Ancak geçen yılın aynı dönemine göre "umutsuz" bölümde azalma olmuştur. 2009'da işlerinde açılma ve hareket olmayacağını belirtenler yüzde 37 iken bu dönem 6 puanlık bir düşüş olmuştur. Yani karamsarlık devam etse de "iyimser" bölgede de genişleme olmuştur. İhracatın kriz öncesi döneme gidiş sinyalleri, üretim artışının işareti olmaktadır. Özellikle hazır giyim, tekstil, motorlu taşıtlar, mobilya, ev aletleri, televizyon sektörlerinde üretim artışları dikkat çekmektedir. Ne var ki bu kıpırdanış, krizin "damardan" etkilediği "istihdam"da henüz görülmemektedir. Her yıl 700 bin genç nesle iş yaratmamız gerekirken mevcut işsiz sayımız 5 milyon düzeyindedir. Buna 17-18 milyon kişi olduğu söylenilen "gizli" yani kayıt dışı çalışanı da eklersek ortaya çıkan rakam umutlarımızı zedelemektedir. Ne var ki,vahşi krizden çıkış elbet de kolay olmayacaktır. Yeni yatırımlara bir çırpıda başlamak ve istihdam yaratmak kolay değildir. Bu konuda özel sektöre çok iş düşmektedir. TOBB, MÜSİAD, TÜSİAD ve TİSK bu konuda geçtiğimiz günlerde bir araya gelerek "hükümet-özel sektör" çalıştayı için adım atmıştır. İşsizlik rakamları ve giderek artma olasılığı karşısında bu çalışma lafta kalmamalıdır. Eskiden olsa kamuda 10 kişilik istihdam gerektiren yere 50 kişi alınır veya alınması için baskı yapılıp iş çözülürdü. Ama o günler artık geride kalmıştır. O politikalar ekonomiye ağır yaralar açmıştır. Artık özel sektör, istihdam yaratma konusunda kamudan daha çok sorumludur. Bu görevini de yerine getirmelidir.
1 Nisan şakasının menkıbesi
Her yıl 1 Nisan gelince geleneksel "şaka"lar yapılır. Şakaya muhatap olanla "gırgır" geçilir, kızdırılır ve gülünür. Oysa bu şakanın çok acı bir menkıbesi vardır. İşte olayın tarihe kayıtlı menkıbesi; okuduktan sonra artık "nisan şakası" yapma konusundaki eyleminiz devam eder mi bilemem.

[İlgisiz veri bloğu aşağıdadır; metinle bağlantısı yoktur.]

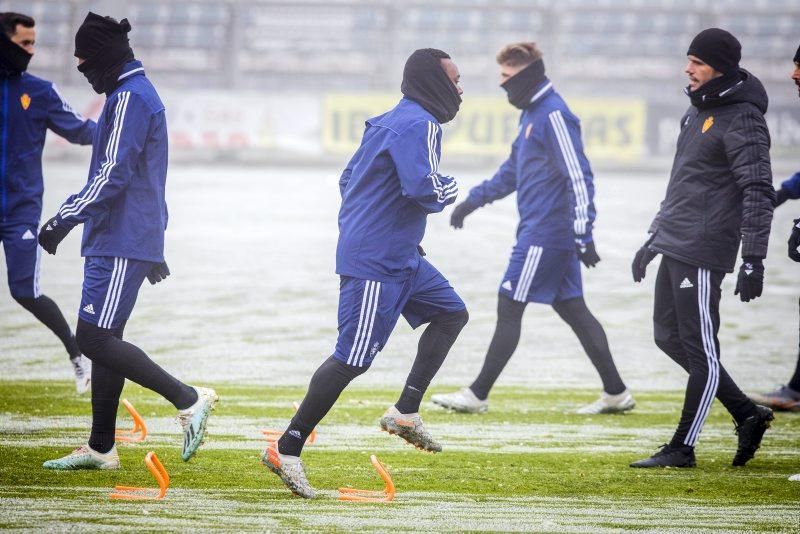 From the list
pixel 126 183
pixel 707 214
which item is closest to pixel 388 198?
pixel 126 183

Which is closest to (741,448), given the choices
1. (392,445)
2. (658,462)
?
(658,462)

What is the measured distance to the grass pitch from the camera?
5.11 meters

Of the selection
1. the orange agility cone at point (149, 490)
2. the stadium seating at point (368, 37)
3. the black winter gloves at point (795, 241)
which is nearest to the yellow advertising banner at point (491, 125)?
the stadium seating at point (368, 37)

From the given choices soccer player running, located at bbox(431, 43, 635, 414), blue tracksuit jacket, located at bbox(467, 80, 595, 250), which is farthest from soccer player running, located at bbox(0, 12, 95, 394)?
blue tracksuit jacket, located at bbox(467, 80, 595, 250)

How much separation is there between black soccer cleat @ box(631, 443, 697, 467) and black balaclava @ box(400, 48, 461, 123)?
2.04 m

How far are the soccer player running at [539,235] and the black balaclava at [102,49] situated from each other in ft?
9.81

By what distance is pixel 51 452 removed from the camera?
643 centimetres

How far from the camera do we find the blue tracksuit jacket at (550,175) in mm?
8062

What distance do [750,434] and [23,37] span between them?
456cm

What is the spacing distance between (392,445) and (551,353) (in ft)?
14.1

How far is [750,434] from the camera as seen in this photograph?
21.7 ft

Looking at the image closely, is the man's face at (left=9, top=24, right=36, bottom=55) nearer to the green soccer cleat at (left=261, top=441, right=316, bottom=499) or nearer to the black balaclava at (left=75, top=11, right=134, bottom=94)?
the black balaclava at (left=75, top=11, right=134, bottom=94)

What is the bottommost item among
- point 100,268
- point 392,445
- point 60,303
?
point 60,303

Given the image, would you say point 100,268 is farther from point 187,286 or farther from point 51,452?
point 187,286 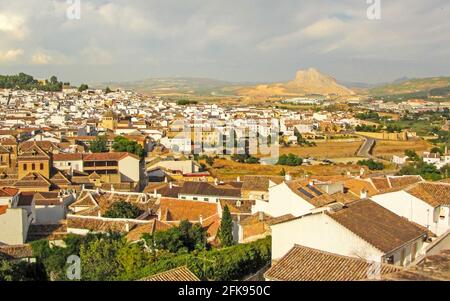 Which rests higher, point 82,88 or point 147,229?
point 82,88

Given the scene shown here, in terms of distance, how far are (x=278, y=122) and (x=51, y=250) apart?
42.4 metres

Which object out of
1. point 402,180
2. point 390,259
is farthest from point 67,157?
point 390,259

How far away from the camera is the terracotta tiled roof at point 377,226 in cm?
860

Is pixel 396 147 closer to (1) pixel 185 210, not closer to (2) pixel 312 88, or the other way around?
(1) pixel 185 210

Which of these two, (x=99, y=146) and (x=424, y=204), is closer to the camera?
(x=424, y=204)

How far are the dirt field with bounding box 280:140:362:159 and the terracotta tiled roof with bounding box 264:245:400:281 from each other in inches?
1312

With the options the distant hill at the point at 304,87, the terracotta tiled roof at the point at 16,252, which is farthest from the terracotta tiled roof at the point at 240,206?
the distant hill at the point at 304,87

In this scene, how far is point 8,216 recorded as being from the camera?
47.7 feet

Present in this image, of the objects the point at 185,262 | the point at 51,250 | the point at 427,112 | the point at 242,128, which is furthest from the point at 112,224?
the point at 427,112

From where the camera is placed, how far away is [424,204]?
1146 centimetres

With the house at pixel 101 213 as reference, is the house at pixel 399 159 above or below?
below

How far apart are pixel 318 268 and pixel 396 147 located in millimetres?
40213

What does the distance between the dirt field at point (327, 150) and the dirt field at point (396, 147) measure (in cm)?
187

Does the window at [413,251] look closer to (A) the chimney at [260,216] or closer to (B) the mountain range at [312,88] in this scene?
(A) the chimney at [260,216] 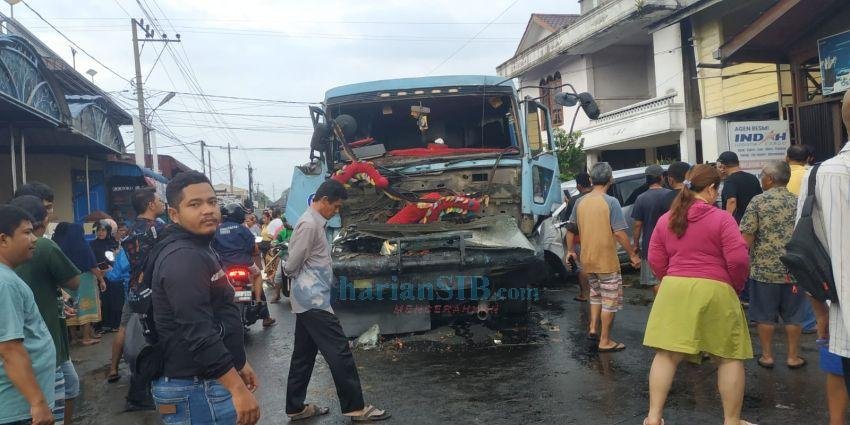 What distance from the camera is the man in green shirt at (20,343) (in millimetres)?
2498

15. yüzyılın sonlarında, Haçlı ordusu Endülüs Müslümanları'nın son kalesini kuşatır. Uzun süren bir kuşatma olmasına rağmen, kış aylarının da etkisiyle kale korunabilmektedir. Durumun zorluğunu anlayan Haçlı ordusunun komutanı değişik taktikler düşünmektedir. En sonunda 31 Mart gecesi kalenin önüne giderek bir elinde Kur'an bir elinde İncil 'Şu iki kitap üzerine yemin ederim ki, teslim olursanız bu akşam size bir şey yapmayacağım' der. Gerekli görüşmelerden sonra canlarının kurtarılması karşılığında Müslümanlar kaleyi teslim ederler. Ertesi sabah, yani 1 Nisan sabahı, Haçlı ordusu komutanı bütün Müslümanlar'ın öldürülmesi için emir verir. Bunun üzerine Müslümanlar 'Yemin etmiştiniz, bize söz vermiştiniz' dediklerinde Haçlı ordusu komutanı 'Benim sözüm size dün akşam içindi, bugün için size bir sözüm yoktur' diye cevap verir ve bütün Müslümanlar'ı orada "şehit" ettirir.
İşte o gün bugündür 1 Nisan Hristiyanlar arasında 'Hile Günü' olarak kutlanmaktadır.Ama,onlar bu hileyi,"şaka gününe" çevirmiş ve kendilerine göre, "eğlence" çıkarmışlardır.